NH1.10 | Groundwater Extremes: From low heads to high stakes
Groundwater Extremes: From low heads to high stakes
Convener: Daniela Cid EscobarECSECS | Co-conveners: Anne Van Loon, Akhilesh NairECSECS, Azucena Rodríguez-Yebra, Paula Serrano-AcebedoECSECS

Groundwater is central to hydroclimatic extremes because it both buffers and amplifies them. Large subsurface storage sustains baseflows and supply during dry spells, yet slow, lagged responses can prolong impacts and delay recovery; when recharge arrives over shallow or low-storage systems, rising heads can tip conditions toward groundwater flooding or waterlogging.
With this in mind, this session concentrates on the understanding of physical dynamics of groundwater extremes. We invite contributions that quantify how aquifers evolve across dry–wet sequences, clarifying how factors such as antecedent wetness or aquifer properties influence the development of groundwater extremes (i.e. onsets, drought severity, recovery rates, etc.).
We are keen on studies and methods that measure and model the effects of adaptation options on groundwater states across climates and aquifer types, including when and by how much interventions may unintentionally worsen drought impacts or elevate wet-period hazards if poorly timed or placed.
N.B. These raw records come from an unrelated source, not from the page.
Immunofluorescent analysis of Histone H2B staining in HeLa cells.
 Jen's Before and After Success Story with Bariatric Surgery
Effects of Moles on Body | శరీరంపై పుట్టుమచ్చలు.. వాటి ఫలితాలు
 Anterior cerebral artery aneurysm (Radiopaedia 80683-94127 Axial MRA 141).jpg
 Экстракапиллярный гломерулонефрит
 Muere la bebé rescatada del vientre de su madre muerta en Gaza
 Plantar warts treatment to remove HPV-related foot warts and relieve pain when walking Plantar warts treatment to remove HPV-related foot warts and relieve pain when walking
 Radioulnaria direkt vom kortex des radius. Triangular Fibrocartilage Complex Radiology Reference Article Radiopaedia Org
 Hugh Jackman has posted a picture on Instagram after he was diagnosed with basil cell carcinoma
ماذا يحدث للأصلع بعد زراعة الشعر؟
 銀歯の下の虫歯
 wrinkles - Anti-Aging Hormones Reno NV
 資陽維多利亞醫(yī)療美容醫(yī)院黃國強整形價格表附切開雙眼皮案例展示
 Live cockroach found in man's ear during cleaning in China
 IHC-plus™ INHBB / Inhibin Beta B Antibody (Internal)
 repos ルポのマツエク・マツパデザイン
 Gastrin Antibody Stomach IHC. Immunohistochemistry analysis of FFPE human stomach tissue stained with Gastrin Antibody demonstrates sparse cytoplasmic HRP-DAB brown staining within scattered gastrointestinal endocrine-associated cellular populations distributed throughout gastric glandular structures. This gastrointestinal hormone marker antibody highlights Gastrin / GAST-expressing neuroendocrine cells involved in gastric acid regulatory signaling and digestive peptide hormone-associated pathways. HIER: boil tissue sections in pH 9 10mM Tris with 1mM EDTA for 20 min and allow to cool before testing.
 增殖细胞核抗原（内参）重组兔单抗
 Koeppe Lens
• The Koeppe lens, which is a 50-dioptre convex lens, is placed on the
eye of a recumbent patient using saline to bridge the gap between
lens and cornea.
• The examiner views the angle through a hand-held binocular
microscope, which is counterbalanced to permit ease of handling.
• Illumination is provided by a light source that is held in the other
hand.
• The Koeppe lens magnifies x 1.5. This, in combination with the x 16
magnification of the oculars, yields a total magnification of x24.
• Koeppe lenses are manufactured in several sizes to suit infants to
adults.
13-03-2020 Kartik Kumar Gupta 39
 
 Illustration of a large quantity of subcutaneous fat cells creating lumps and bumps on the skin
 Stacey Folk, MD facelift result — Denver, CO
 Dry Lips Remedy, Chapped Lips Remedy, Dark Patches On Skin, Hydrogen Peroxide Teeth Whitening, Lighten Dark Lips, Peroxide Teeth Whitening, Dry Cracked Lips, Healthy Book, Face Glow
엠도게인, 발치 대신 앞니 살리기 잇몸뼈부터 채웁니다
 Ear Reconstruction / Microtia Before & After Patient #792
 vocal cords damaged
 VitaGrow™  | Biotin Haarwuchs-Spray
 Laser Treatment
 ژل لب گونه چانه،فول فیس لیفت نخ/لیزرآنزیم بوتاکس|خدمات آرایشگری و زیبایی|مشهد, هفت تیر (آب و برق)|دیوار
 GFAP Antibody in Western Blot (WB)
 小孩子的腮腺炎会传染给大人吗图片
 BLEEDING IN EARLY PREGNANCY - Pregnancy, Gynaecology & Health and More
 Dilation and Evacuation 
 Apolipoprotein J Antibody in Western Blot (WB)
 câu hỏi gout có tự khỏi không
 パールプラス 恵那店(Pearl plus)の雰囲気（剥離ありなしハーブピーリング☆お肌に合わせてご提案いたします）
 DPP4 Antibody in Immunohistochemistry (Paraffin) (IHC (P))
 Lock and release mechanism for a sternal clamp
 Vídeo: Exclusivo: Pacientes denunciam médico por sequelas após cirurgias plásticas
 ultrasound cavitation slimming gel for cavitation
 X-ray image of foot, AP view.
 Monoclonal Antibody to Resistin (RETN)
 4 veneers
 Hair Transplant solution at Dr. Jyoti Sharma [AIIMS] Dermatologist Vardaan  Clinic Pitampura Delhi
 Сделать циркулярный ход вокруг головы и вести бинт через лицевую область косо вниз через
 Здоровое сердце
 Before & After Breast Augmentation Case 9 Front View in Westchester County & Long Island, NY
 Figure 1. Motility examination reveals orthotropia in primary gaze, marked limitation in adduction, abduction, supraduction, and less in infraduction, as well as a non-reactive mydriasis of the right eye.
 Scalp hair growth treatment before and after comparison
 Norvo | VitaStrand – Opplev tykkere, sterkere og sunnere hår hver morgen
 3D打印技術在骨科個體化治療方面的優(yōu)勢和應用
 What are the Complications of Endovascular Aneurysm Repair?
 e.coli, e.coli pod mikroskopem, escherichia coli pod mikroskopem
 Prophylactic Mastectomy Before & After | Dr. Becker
Methodological innovations are encouraged, such as new diagnostics of drought recovery, process-based and data-driven modelling, feedback-aware modelling, or hybrid approaches that benchmark system dynamic models that include socioeconomic aspects against process-based groundwater models.
We also encourage work that traces compounding effects and cascading impacts to ecosystems and sectors (for example, demand spikes or irrigation shifts) and back again to groundwater through altered recharge and abstraction patterns. We particularly welcome presentations on hypothetical storylines and stress-testing approaches to map the possibility space of future groundwater behavior.